Berlin. Das RKI wird zum einsamen Rufer: Ein Bundesland will das Ende der Pandemie erklären, obwohl die Corona-Gefährdung wegen BA.2 hoch ist.

Etwa fünf Millionen Bürger leiden derzeit an akuten Erkrankungen der Atemwege. Zu den mehr als 1,5 Millionen neuen Corona-Fällen zwischen dem 14. und 20. März kommt laut Wochenbericht des Robert-Koch-Instituts (RKI) hinzu, dass "zunehmend häufiger" Influenzaviren gemeldet werden, vor allem bei Kindern in Alter von fünf bis 14 Jahren.

Und so ist die Lage paradox: Während zum 2. April die meisten Corona-Auflagen wegfallen und mit Baden-Württemberg das erste Bundesland offiziell das Ende der Pandemie einläuten will, herrscht weiter ein "sehr hoher" Covid-Infektionsdruck, so das RKI.

Es macht dafür zwei Gründe aus: Einerseits "Lockerungen und Verhaltensänderungen". Die Deutschen werden nachlässiger, derweil andererseits der hochansteckende Omikron-Subtyp BA.2 das Infektionsgeschehen treibt. Sein Anteil beträgt 72 Prozent, nach zuvor rund 64 Prozent. Der Anteil aller anderen Varianten liegt unter einem Prozent.

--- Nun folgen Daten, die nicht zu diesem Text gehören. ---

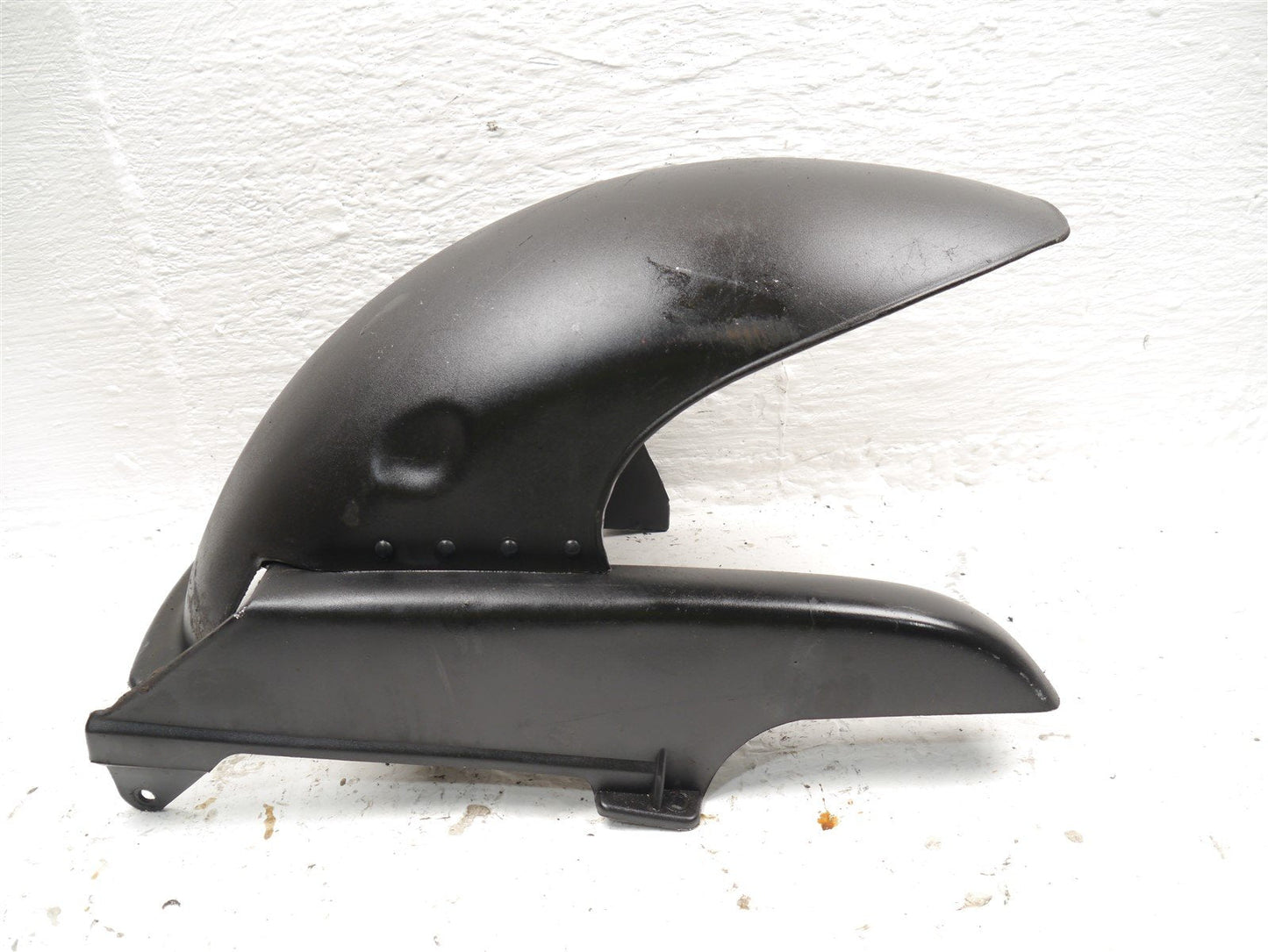 TRIUMPH TROPHY 900 1996-2001 REAR WHEEL HUGGER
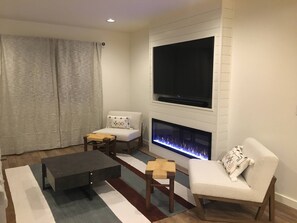 TV connectée, cheminée, chaîne hi-fi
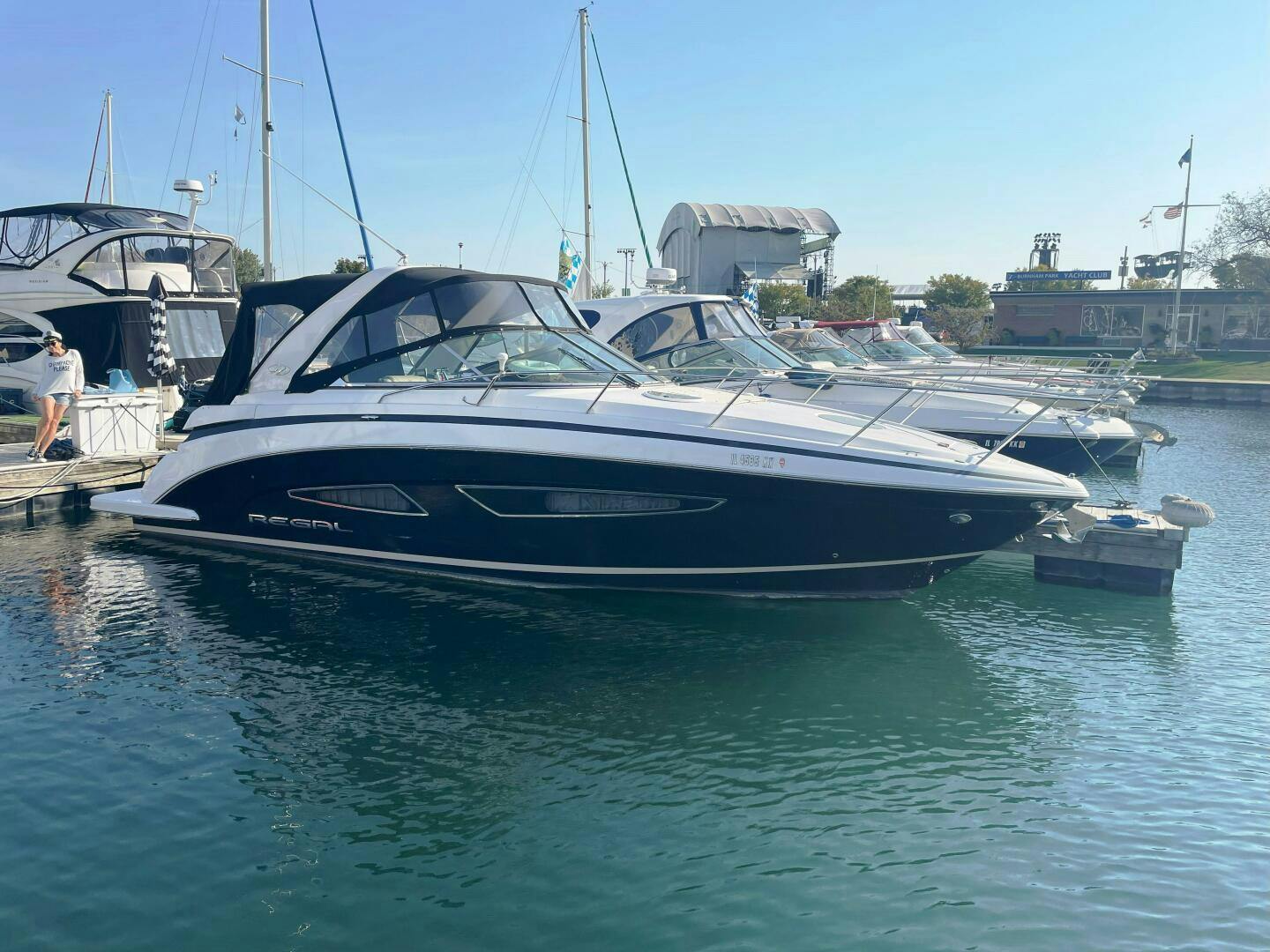 Regal-32 Express 2015-Champagne For No Reason Chicago-Illinois-United States-Port Profile-5219334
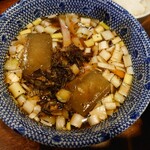 麺屋 悠 - 出汁氷、たっぷりの葱の他に焦がし葱が入った!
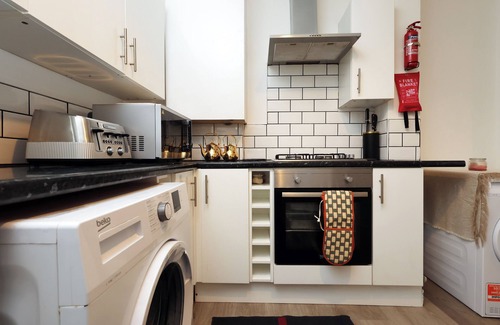 Adamsdown Casa | Cardiff Guesthouse & On-Street Parking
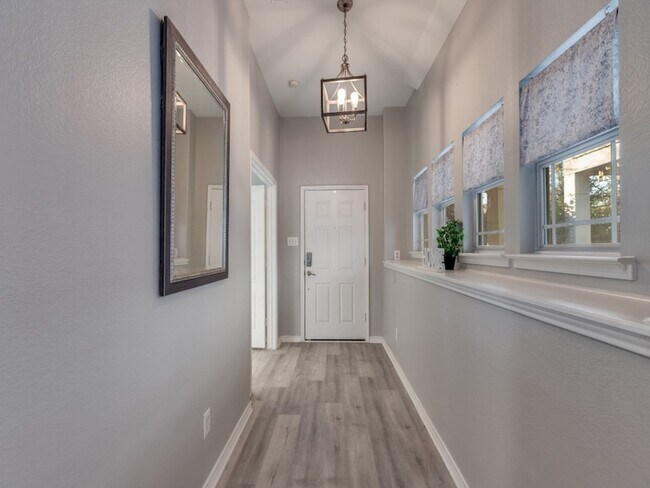 Building Photo - 1636 Spanish Moss Wy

RKI: Entwicklung hängt vom Verhalten der Bürger ab

Auf die Politik setzen die Virologen nicht. "Der weitere Verlauf der Pandemie hängt davon ab, ob sich größere Teile der Bevölkerung weiterhin verantwortungsbewusst verhalten beziehungsweise in welchem Umfang mögliche infektionsrelevante Kontakte zunehmen", heißt es im Wochenbericht.

In allen Altersgruppen sind die Sieben-Tage-Inzidenzen gestiegen, insbesondere stark bei Kindern, Jugendlichen und jungen Erwachsenen. Auch die Zahl der Arztbesuche wegen Corona nimmt zu, bei den über 80-Jährigen außerdem die schweren Krankheitsverläufe. Das RKI schätzt die Gefährdung durch Covid-19 "insgesamt als sehr hoch ein".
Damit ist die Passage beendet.